I've always been in love with notebooks. When I was younger it was hardcover notebooks in which I would write ENTIRE NOVELS, by hand, often in pencil. Later, especially when I graduated to the computer as a primary writing tool, they became smaller things I toted around in various purses and in which I scribbled quotes, ideas and half-finished poetry.
Some were set aside as dedicated "research journals" for particular projects, and are filled with scrawled notes culled from various research books read along the way, thoughts and ideas on applying facts discovered during research. As it got closer to the writing something, these notebooks often blossomed into colorful and chaotic proliferation of multi-hued Post-it tabs which guided me as to which bits belong in which chapter or section of the actual story I was trying to write.
I currently have a stash of these notebooks, bound in interesting textured covers, sitting in a small pile on a side table and waiting for their turn at glory. They don't know yet what they are going to be, what they are going to build.
In a sense, this defines a writer. Scratch through a writer's pockets or bags and you'll always find these things, full of chicken scratches of half formed and barely coherent ideas, sometimes in shorthand which even the writer is hard-pressed to recognize a week or a month or a year after they had scritched it down for remembrance. If not a notebook, you'll find old envelopes with scribbles on the back, napkins from fast-food restaurants, sale slips from stores which went out of business six months before but whose ghosts haunt the bottom of someone's handbag because the back of of them contain the first inklings of a deathless idea.

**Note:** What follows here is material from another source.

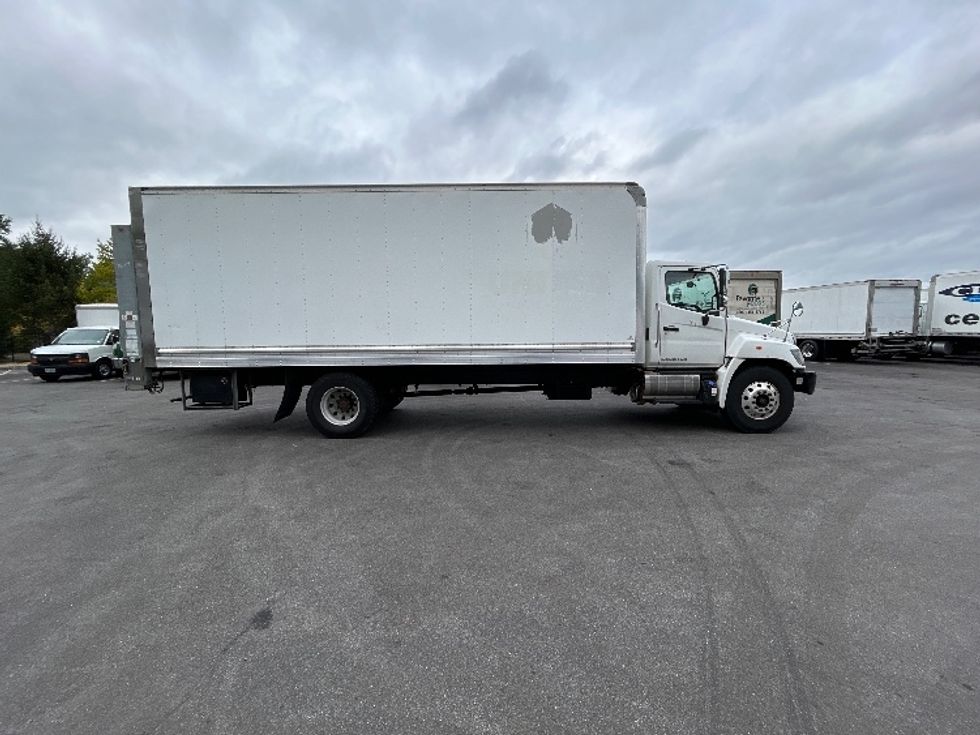Medium Duty Box Truck-Light and Medium Duty Trucks-Hino-2021-L6-Londonderry-NH-122,574\n\t\tmiles-$ 68,750 - Image 15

I take my notebooks everywhere. I take them traveling and write down the things I see and hear and experience and taste. I write down the things that leave me gaping in awe and the things that make me laugh and the things that make me annoyed. I take them out to restaurants with friends, and scribble furtively in them when I happen to notice a strange character sitting at a table a little way away and am suddenly mugged by that person's life story (or my version of it, anyway) which I just have to jot down and preserve because some day I might need a character JUST LIKE THAT for a story not yet born. I leave them lying by my bed when I go to sleep at night because who knows what dreams may come and need to be nailed down in ink on paper before they vanish like the ephemera that they are.
Blank journals represent a restless, exciting state of possibility and of Things To Come. They tremble with the yet-unborn spirits of stories still to be told. They whisper out of that inviting emptiness calling to me to come and fulfill them, to help them find their destinies, and along the way, pursue my own.
They are physical links to that place that lies Between, where the stories live and fly.